In modern times, since silver and gold began trading on the COMEX futures exchange, the average of the price relationship between the two precious metals had been around the 55:1 level, where it also stood at the beginning of 2020. The high came in 1990 and the low in 1979. When the ratio is below the average level, silver is historically cheap compared to gold; when it’s above, the white metal is considered expensive.
The ratio is an inter-commodity spread, but it reflects the potential for substitution between the two metals. Gold and silver have long histories as both commodities and currencies. For centuries, and before biblical times, gold and silver were symbols of wealth and money. In the US, one of the leading issues during the 1896 Presidential election between William McKinley and William Jennings Bryan was whether to use gold or silver as backing for the US dollar. McKinley and gold won the election.
In March, risk-off conditions in markets across all asset classes pushed the price of silver to the lowest level since 2009 when it fell below $12 per ounce. The move propelled the silver:gold ratio to a new all-time peak.
New modern-day high in March
Source, all charts: CQG
The daily chart of June COMEX gold futures divided by July COMEX silver futures, above, shows the ratio’s peak in March.
The relationship reached a high of 124.4 ounces of silver value to each ounce of gold value on March 18. The quarterly chart illustrates the previous high in 1990 that was below the 95:1 level in the ratio.
The ratio turns lower
The ratio has declined steadily since the March high, reaching its most recent low at 92.32:1 on June 1. Last Friday, it was trading below the 96:1 level.
Historically, the ratio tends to rise during periods when there’s a bear market and fall during bullish trends.

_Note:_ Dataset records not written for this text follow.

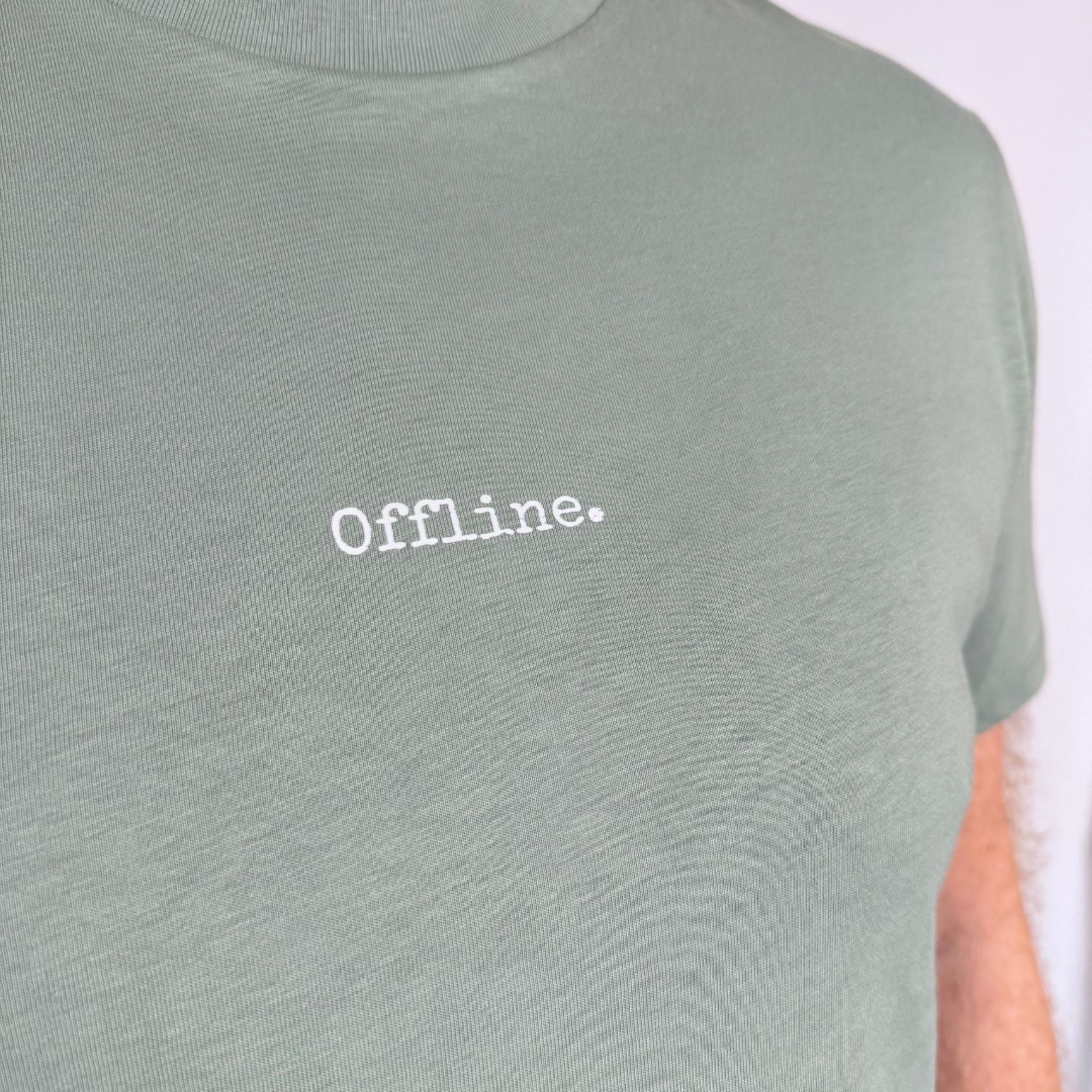 green t-shirt saying offline in white writing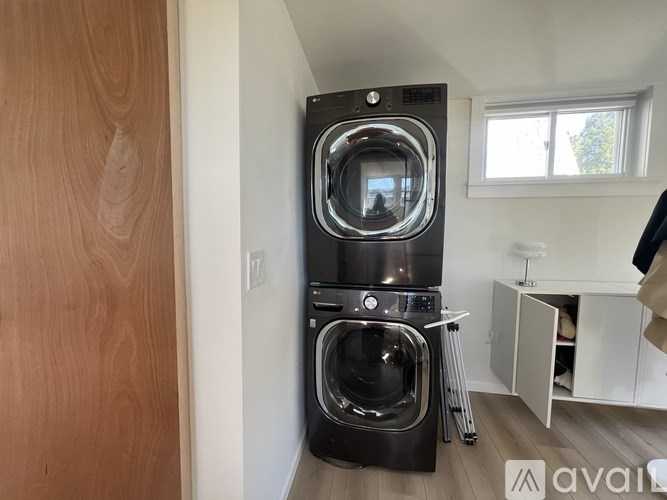 A large front loading washing machine in a laundry room.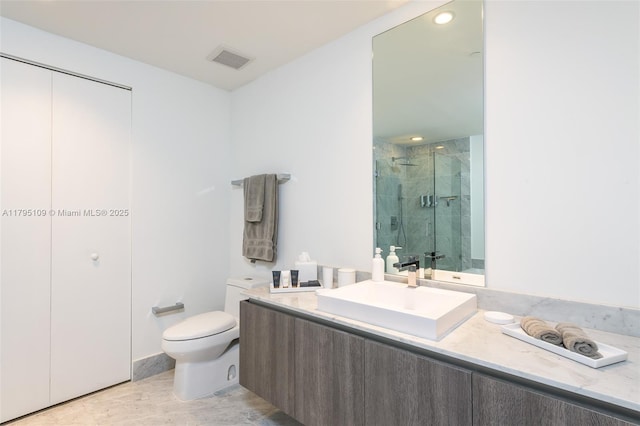 full bath with visible vents, vanity, toilet, recessed lighting, and a shower stall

The low at 15.47:1 came in 1979 when silver was on its way to $50.36 and gold to $875. At the time, those prices were record highs. By 2011 the ratio fell to a low of 38:1. Three years after the 2008 financial crisis, silver was moving towards its most recent high of $49.82 and gold to its record peak at $1920.70 per ounce.
In 1990, at the previous high in the ratio, gold and silver traded to respective lows of $346 and $3.93 per ounce. Time will tell if the turn lower in the ratio is a sign that higher prices are on the horizon.
Memories of 2008-2011 in the silver and gold markets, and the ratio
Perhaps the most compelling bullish case for gold and silver is the unprecedented level of central bank and government stimulus flowing into the financial system in 2020. From June to September 2008, the US Treasury borrowed a record $530 billion to fund economic stimulus. During May 2020, the Treasury had already spent $3 trillion, more than five times that amount.
That liquidity was rocket fuel for the silver and gold markets from 2008 through 2011. The same might be true for the coming years.
Indeed, the move in the ratio from 2008 through 2011 could be a model for the future.
The chart above shows that in 2008, the kneejerk reaction in the relationship was a move to a high of 77.37:1, then the highest level since 1996. Afterward, it fell to 38:1, the lowest since 1983.
Will government and Fed stimulus cause a similar move in the years ahead? The jury is still out, but the unprecedented level of liquidity in the global financial system is a compelling case that history will repeat.